2. Remind the laity of their specific role. The Instruction also reminds us how the fundamental equality of Christians—based on Baptism—is compatible with an essential difference—based on Sacred Orders—and that lay Christians, precisely because of Baptism, are called to the consecratio mundi, which differs from the task of anyone who belongs, through the sacrament, to the ministerial ranks. Thus, by avoiding every form of clericalism, lay Christians are encouraged to be more aware of their identity and to give their witness in the world and in the Church without considering the exercise of ministerial duties which they may perform from time to time as a form of advancement but only as one of substitution.
3. Authentic promotion of the lay apostolate. The Instruction does not limit lay participation in the evangelical and ecclesial apostolate. On the contrary, this is encouraged in the right direction consistent with Catholic ecclesiology. “However—as Card.
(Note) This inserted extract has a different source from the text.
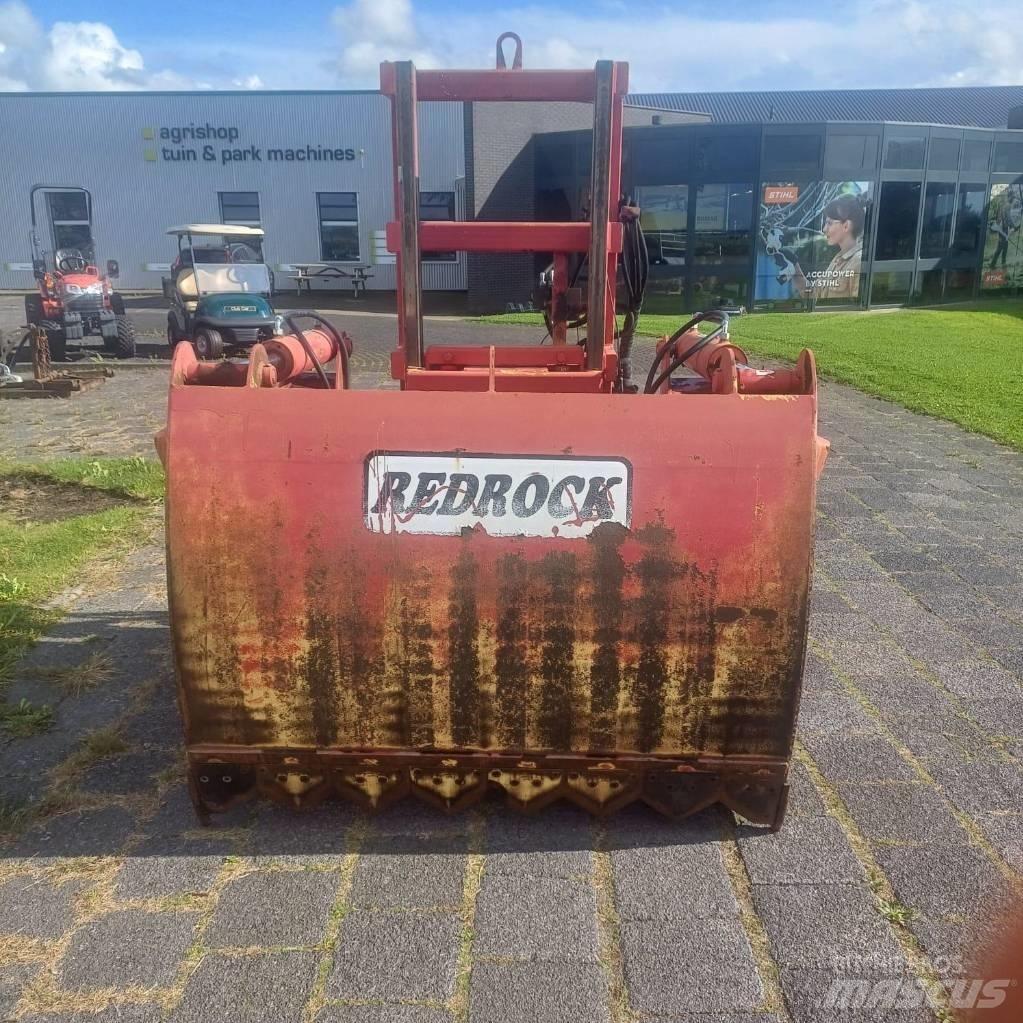 Redrock alligator Masini de descarcare silozuri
Ratzinger emphasized at the time—it intends to rebut and prevent the tendency towards a clericalization of the lay faithful, and the risk of creating, in reality, an ecclesial structure of parallel service to that founded on the sacrament of Orders.”
This affirmation of the future Pope Benedict XVI is of paramount importance in our proposed study of BECs.
4. Encourage terminological precision. In Article 1 of the practical provisions—¬entitled: “Need for an Appropriate Terminology”—the Instruction insists on the need for a suitable terminology, clarifying the confused use of the word ministry, which describes both the officia and the munera exercised by Pastors in virtue of the sacrament of Orders, and those exercised by the non ordained faithful.
5. Eliminate abuses. As Card. Ratzinger also affirmed at the time: “The timeliness and urgent need of this Instruction is explained in the light of the situation occurring in specific and widespread ecclesial circles, which demands, special insistence on the faithful application of the principles and norms contained in the teachings of the Magisterium and the Church's universal legislation in the concrete life of the particular Churches.”